The recommended way of applying the MPL license to your source code is to include Exhibit A in the headers of your source files. However, because it is not always a good solution (some languages do not allow comments for instance), the MPL license contains the following advice:
If it is not possible or desirable to put the notice in a particular file, then You may include the notice in a location (such as a LICENSE file in a relevant directory) where a recipient would be likely to look for such a notice.
So if your prefer, you do not need to add a header to every source file. You could instead add a LICENSE file in your src/ directory if all source code is located there. You would start the LICENSE file with Exhibit A, possibly a statement of your copyright ownership, then the text of the license itself. You could also put the exhibit in your README instead.
You are right that Exhibit A is part of the text of the license itself:
1.4. “Covered Software”
means Source Code Form to which the initial Contributor has attached the notice in Exhibit A, the Executable Form of such Source Code Form, and Modifications of such Source Code Form, in each case including portions thereof.
What do you risk by not putting the exhibit in every source file or using a different license notice?
Legally you are not at risk, even if you license your software improperly, because your are the owner but:
Many uninformed developers tend to confound unlicensed source code (published on Github for instance) with public domain source code. These developers will typically reuse your code without respecting the terms of the license unless you make it very explicit.

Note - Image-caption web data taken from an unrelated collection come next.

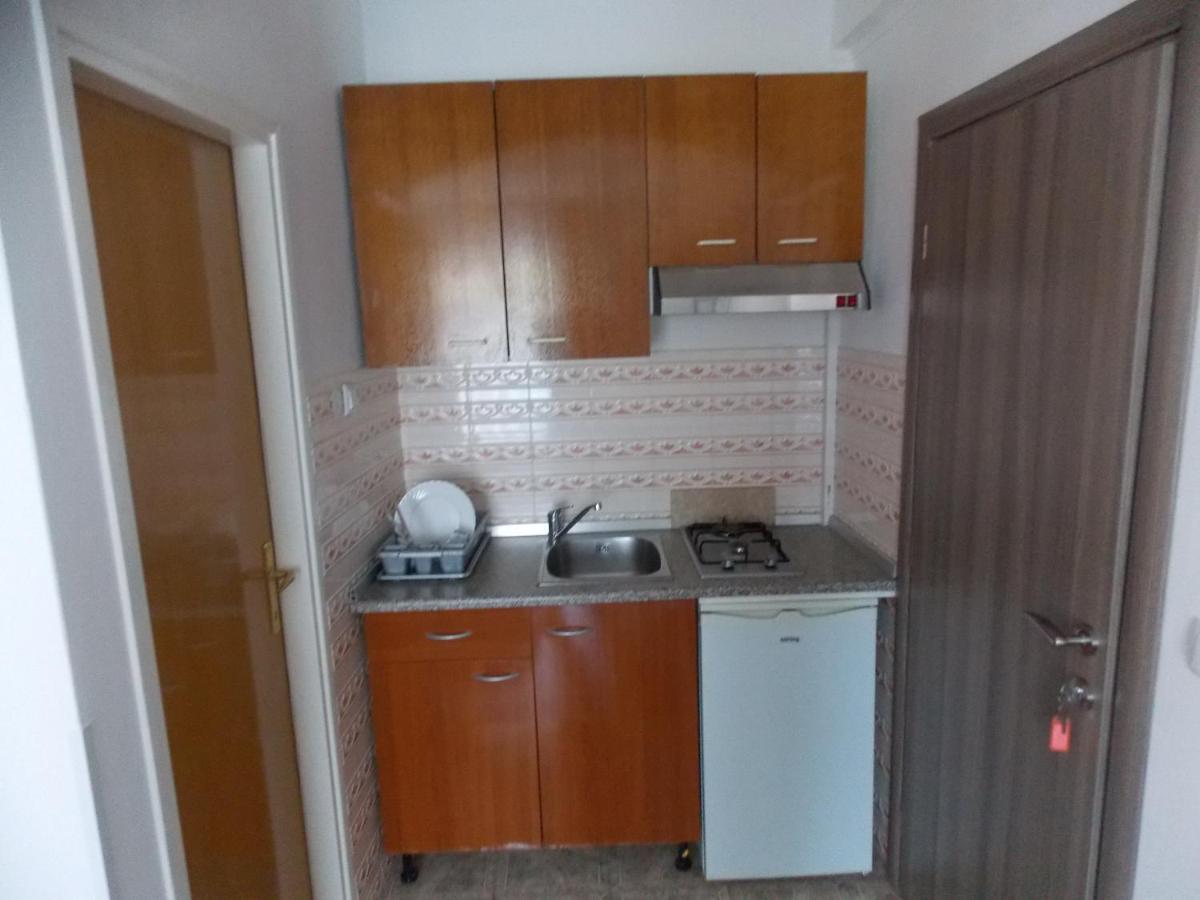 Hanifa Apartmani Ровінь Екстер'єр фото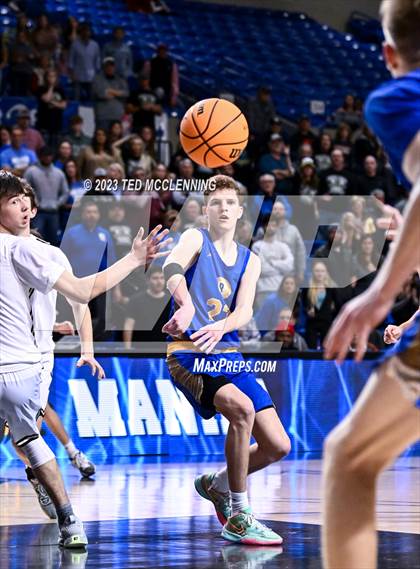 Thumbnail 3 in Manila vs. Bergman (AAA 3A State Final) photogallery.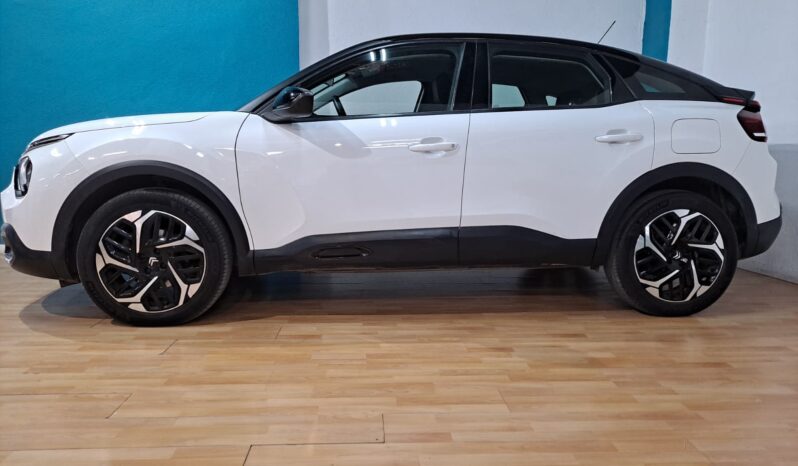 
								CITROEN C4 1.2 BLUEHDI completo									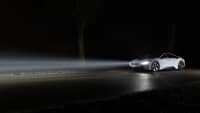 BMW i8 in der Nacht präsentiert das BMW Laserlicht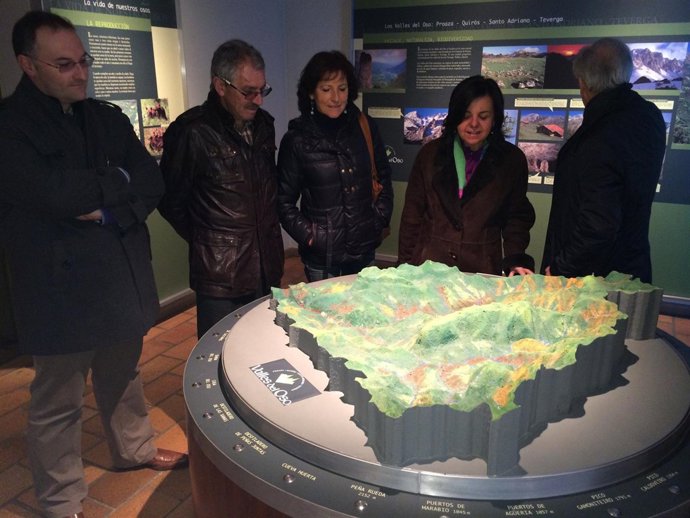 Álvarez, segunda por la derecha, en su visita a la Casa del Oso, en Proaza. 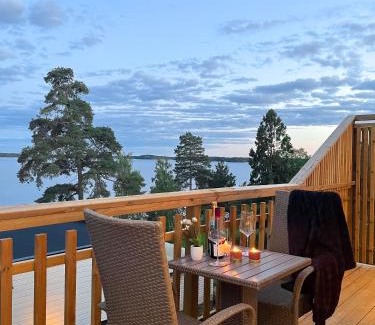 Upplands-Bro Municipality Apartamento | 2x Lake House's-Hot Tub-Stunning View-Private Pier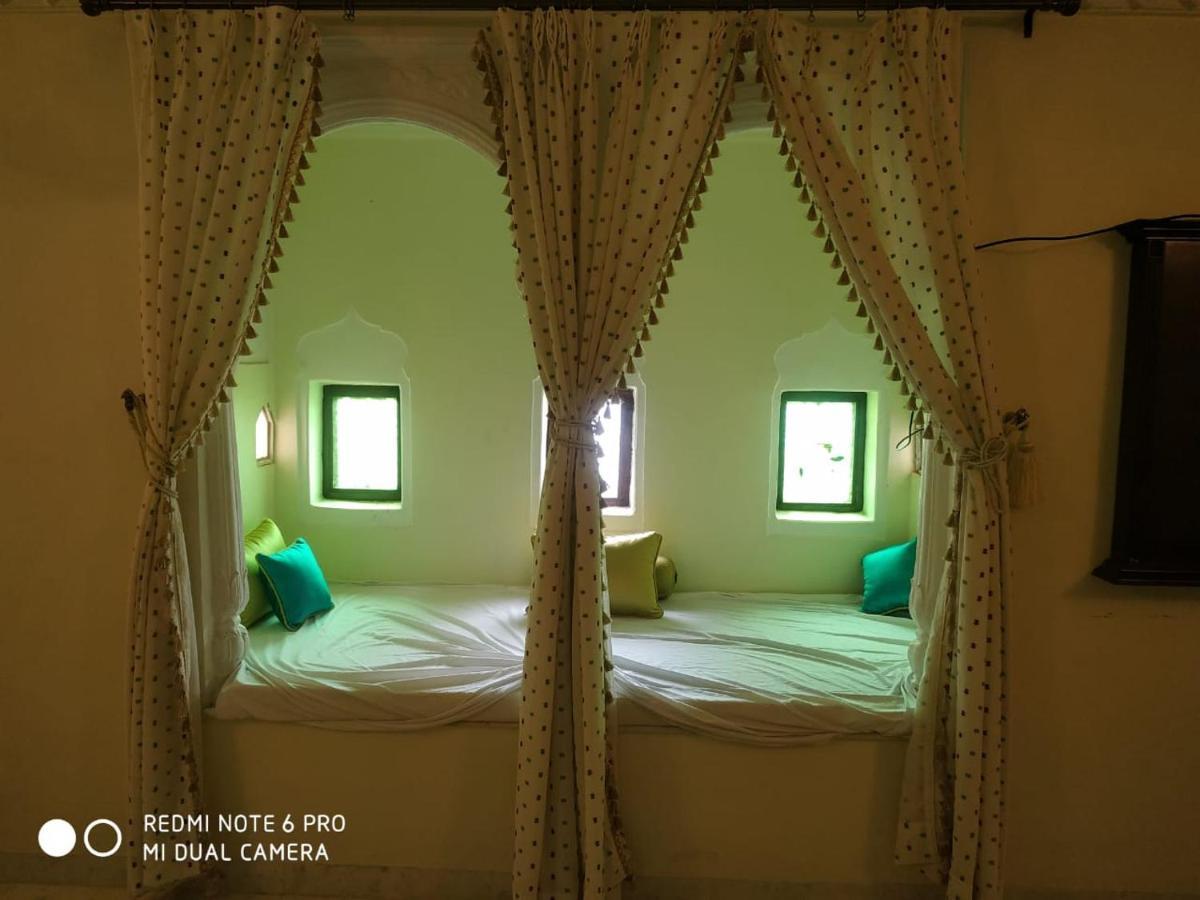 Mpt Sheesh Mahal, Orchha Hotel Exterior photo
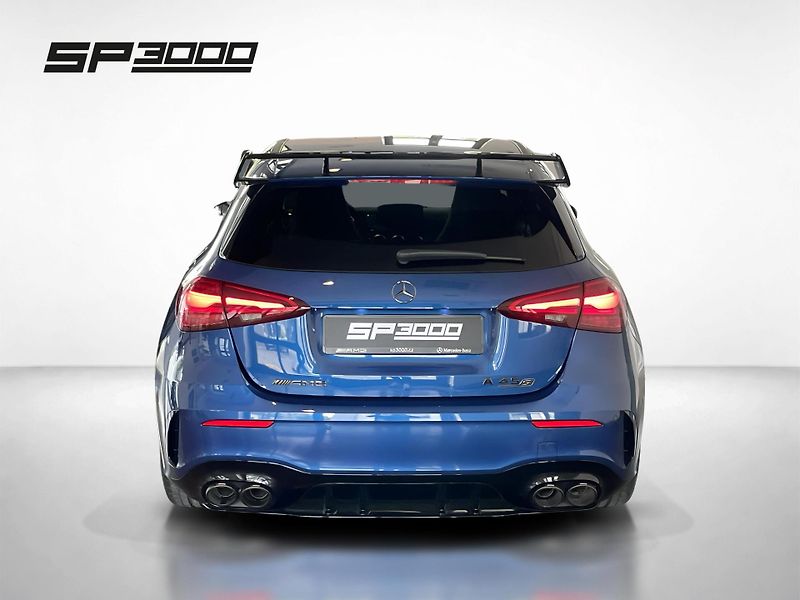 Mercedes-Benz Třídy A 45 S AMG 4Matic+ Akrapovič - fotka 4 z 27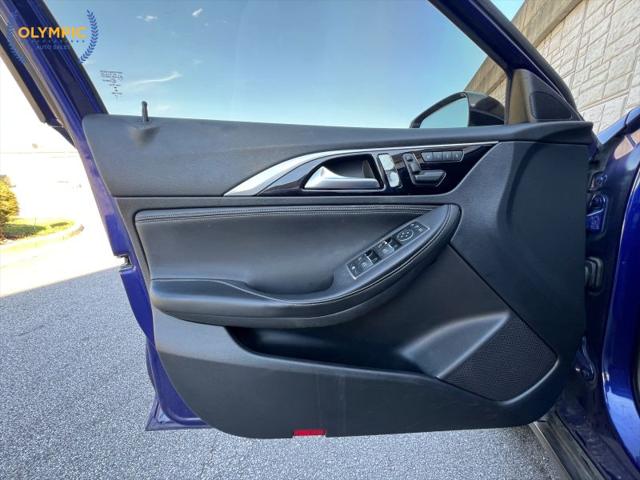 2018 INFINITI QX30 Luxury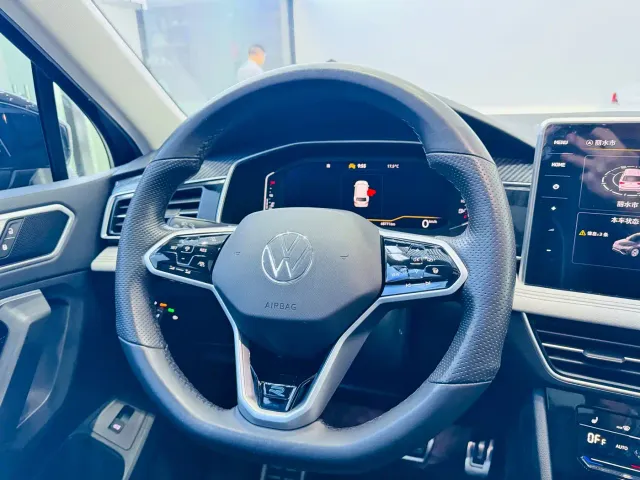 Volkswagen Tiguan L — Фото автомобиля 14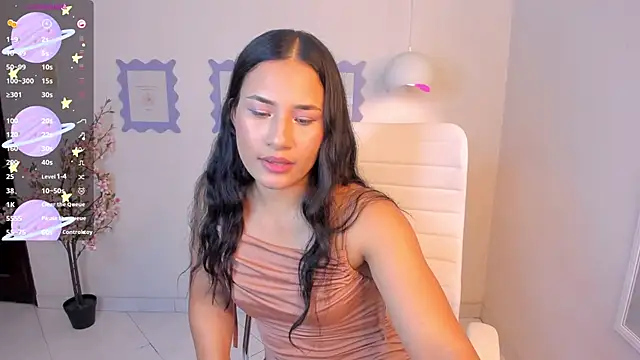 emily kim online show from 03/11/25, 05:05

Corporate developers will typically shy away from reusing code if their lawyers do not think that the applicable license is clear enough. If that happens, they are most likely to contact you, asking that you change the wording a little so that they can reuse your code. If they ask you to add a header in a particular file, it will be up to you to do so or not.
Creative Commons license
You will remark that notices that a work is published under CC-BY-SA can vary greatly from one source to another but they will generally include a canonical link for the license: https://creativecommons.org/licenses/by-sa/4.0/.
The text of the license does not restrict you in any way on how to apply the license to your work:
Licensed Material means the artistic or literary work, database, or other material to which the Licensor applied this Public License.
You should just use a clear statement and include it somewhere where people are likely to look for it (a README, LICENSE or About page). Example of such statement:
The non source code content of this application is licensed under a Creative Commons Attribution-ShareAlike 4.0 International License.
Example of such a double notice
Here is an example of a project distinguishing between source code and non source code (granted they use MIT, not MPL 2.0): https://github.com/github/choosealicense.com/blob/gh-pages/README.md#license
The content of this project itself is licensed under the Creative Commons Attribution 3.0 license, and the underlying source code used to format and display that content is licensed under the MIT license.